Wednesday, April 10, 2013

Veteran lawman displays expert gun handling form

Six Shooter Junction – Photos snapped of Sheriff Parnell McNamara at a recent Republican gabfest display the footwork, form and function of an experienced pistol-toter behind the badge.

Seasoned lawmen and pistoleros alike recognize the stance and posture instantly.

Notice that the Sheriff's stance is open – bladed - as the men of his profession call it, feet placed in an oblique position and favoring the gun hand. It's the stance used by Michelangelo in his statue of David contemplating a sling throw at Goliath, the right eye ready to track the path of the projectile.

The right hand is near the holster, trigger finger extended and kept out of the trigger guard until the final commitment to shoot is made.
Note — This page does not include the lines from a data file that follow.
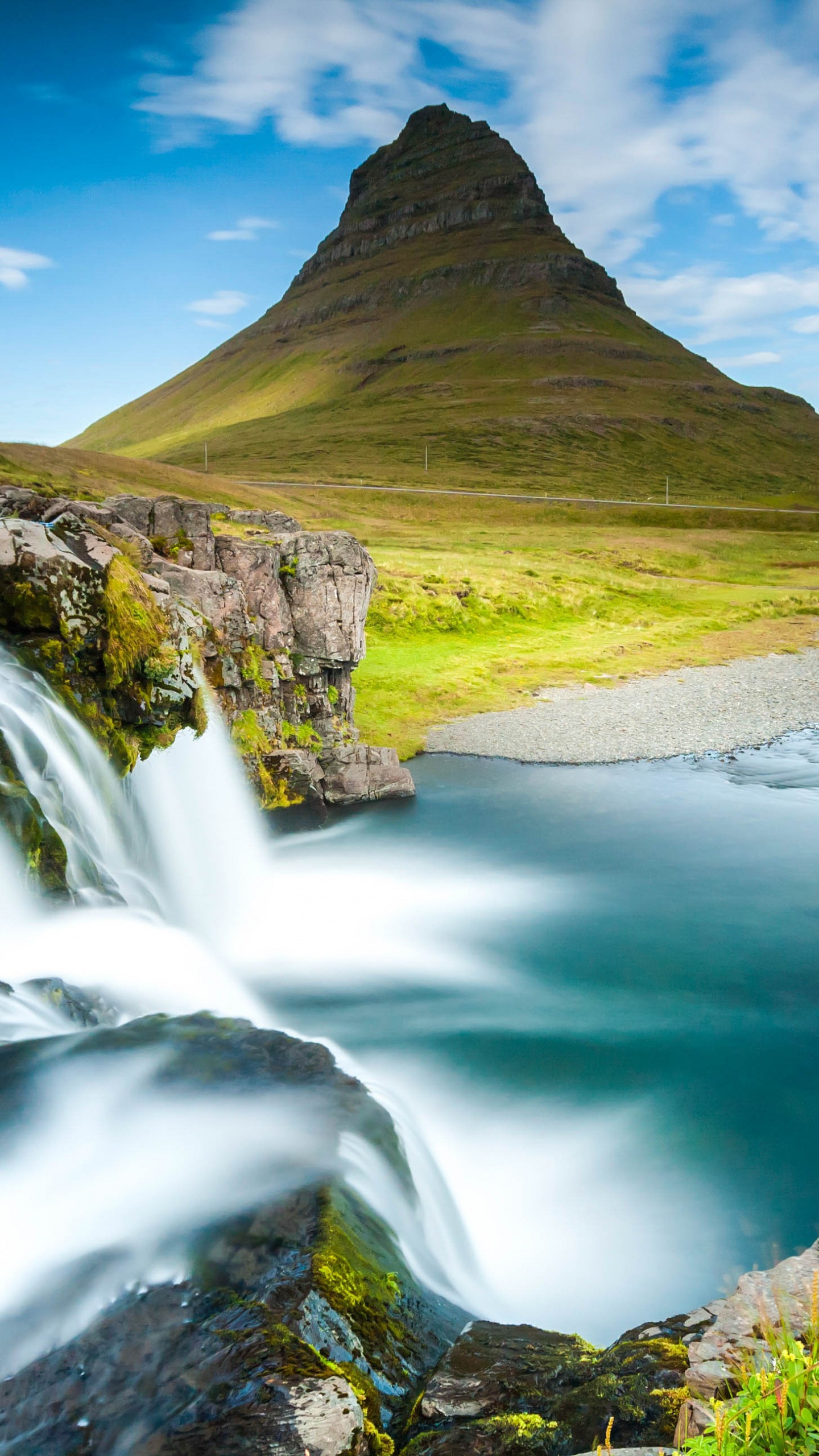 Reykjavk, Kirkjufell, Pixel Unlimited, Cloud, Water. Wallpaper in 1440x2560 Resolution
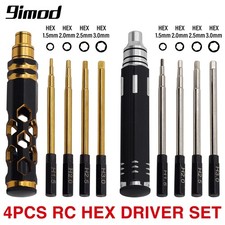 RC Hex Driver Set Hex Allen Screwdriver Kit 1.5mm 2.0mm 2.5mm 3.0mm Repair Tools
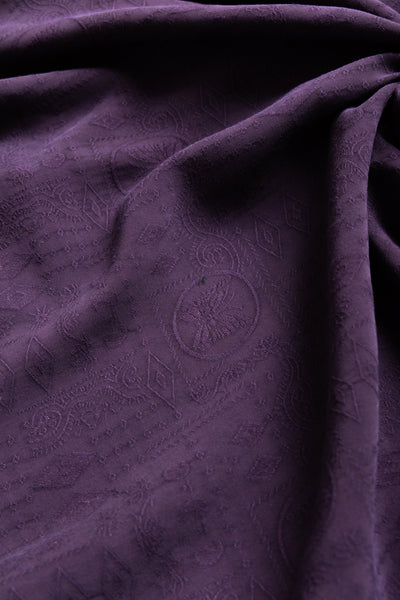 One-Up Shirt Rayon Fine Pattern Jacquard - Purple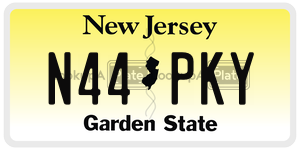 N44PKY license plate in New Jersey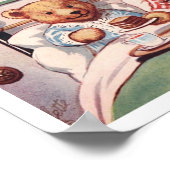 Teddy Bears met Breakfastin Bed Poster (Hoek)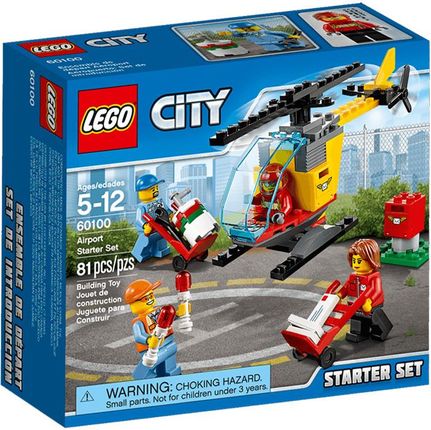 LEGO City 60100 Lotnisko zestaw startowy 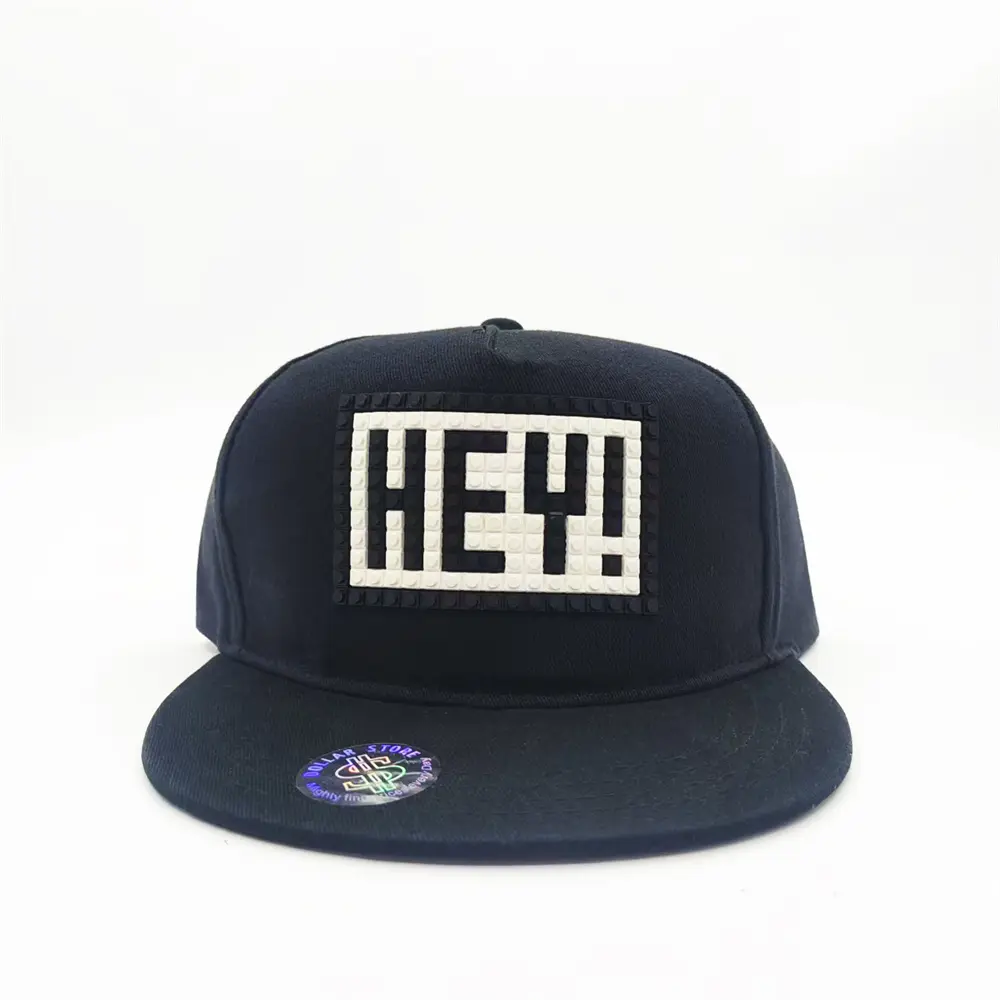 China Deconstructed Cotton Twill Black Hip Hop Cap with 'HEY' Logo - China Suppliers Factory Edition Manufacturer, Factories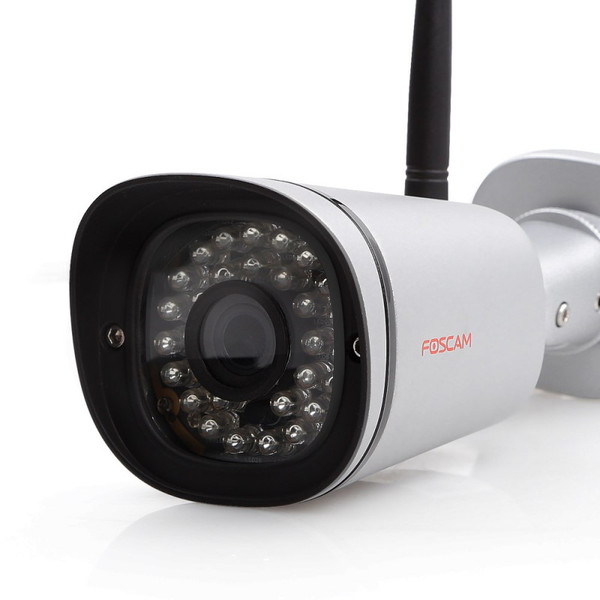 Foscam FI9800P IP security camera Innen & Außen Geschoss Edelstahl Sicherheitskamera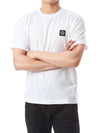 Stone Island Basic Round T-Shirt with Logo Patch/101524113 A0001 124511348 [P]
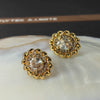 Women's Geometric Oval Zircon Earrings With 925 Silver Ear Needles Gold Plated Fashion Jewelry Wholesale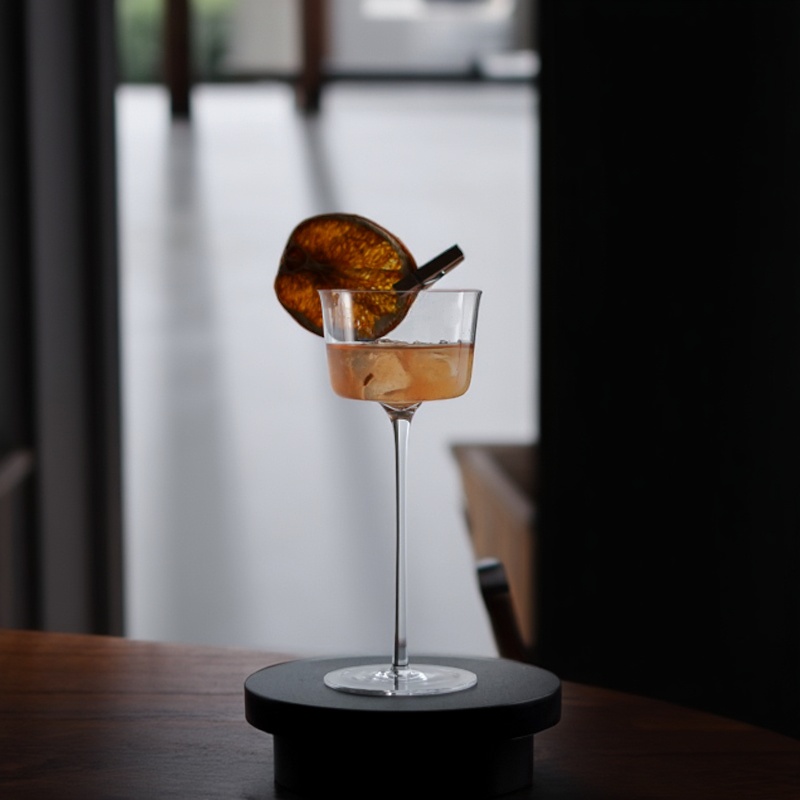 法式复古小众高级感 葡萄酒杯 热红酒香槟杯 鸡尾酒杯高脚咖啡杯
There is a reason for that. Should an aggressor attempt to disarm the lawman, he could wind up with a finger bent back to the breaking point – thus becoming easily controllable – and losing possession of the firearm.
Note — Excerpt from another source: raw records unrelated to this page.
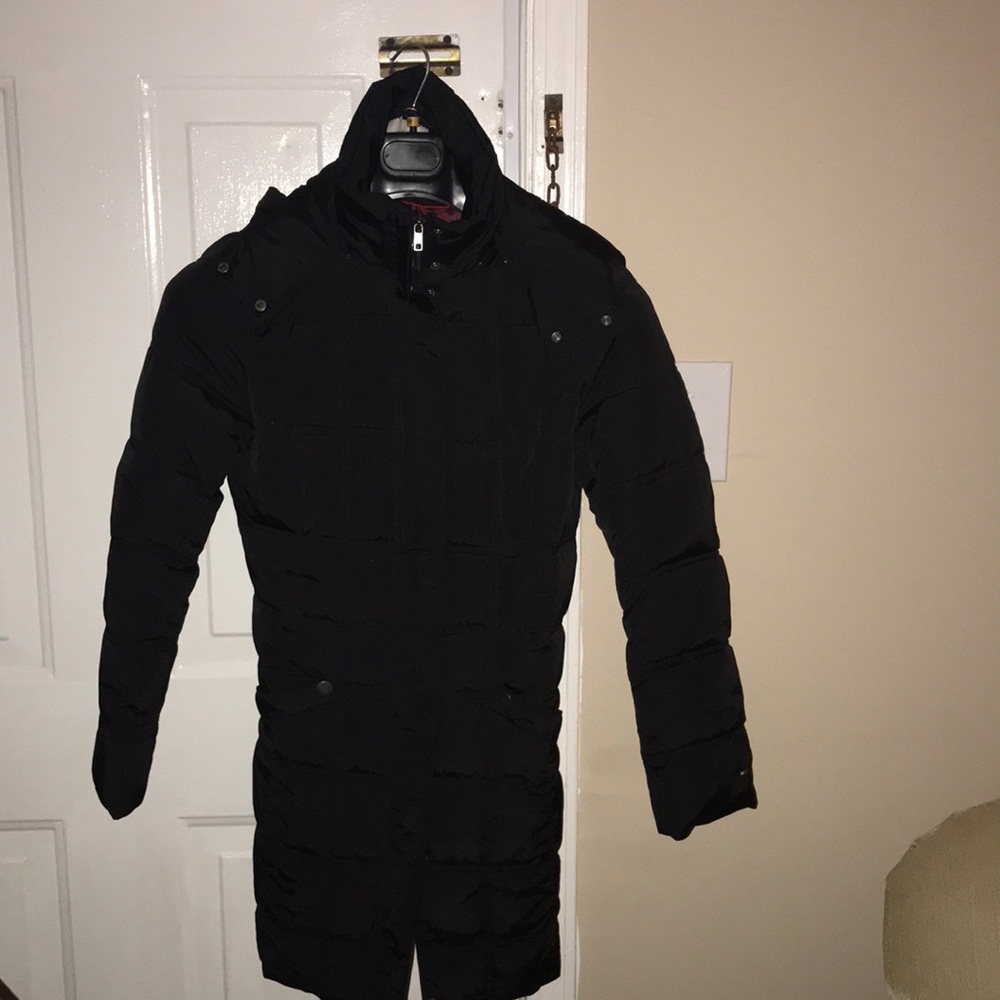 black tommy hilfiger jacket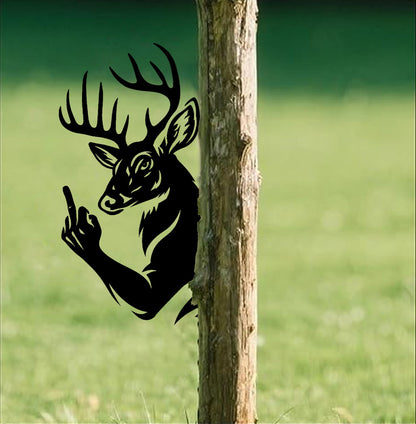 Funny Deer Hunting Metal Sign WITH LED/WITHOUT LED - Humorous Buck Yard Decor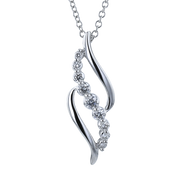 ZP1267 Pendant in 14k Gold with Diamonds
If and when the firearm is withdrawn from the holster, the feet are in position to take a step back and leave the firearm in the same position, if possible. If not possible, a triggerman can shoot from the hip, in close quarters, with deadly effect.

Coming to a combat stance, the gun hand pushes, the off hand pulls against the gun hand, and the weapon is brought on target at the end of an extended right fist, front sight first, rear sight adjusted, as needed, later.
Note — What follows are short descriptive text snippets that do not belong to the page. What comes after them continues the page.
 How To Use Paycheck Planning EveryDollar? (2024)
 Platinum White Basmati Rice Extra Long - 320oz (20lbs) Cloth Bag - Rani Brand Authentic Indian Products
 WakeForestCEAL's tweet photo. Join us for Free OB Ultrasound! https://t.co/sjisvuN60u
Naturally, in these pictures, the Sheriff is talking with his closest partner in prosecution of crime, DA Abel Reyna. 

Nevertheless, he is in position to defend himself, his firearm, and take control of the situation.

After 40 years on the job, it's become conditioned in his routine, handgun combat skills proven by the men who live and operate by the gun, knocking on doors, bracing known criminals and facing
down threats from unknown actors acting in perilous ways.

It's a style you won't see in a John Wayne movie, but it's called the Jack Weaver combat stance, and it's taught in the type of defensive handgun courses former Deputy U.S. Marshal Parnell McNamara has been teaching since his retirement from federal service at age 57.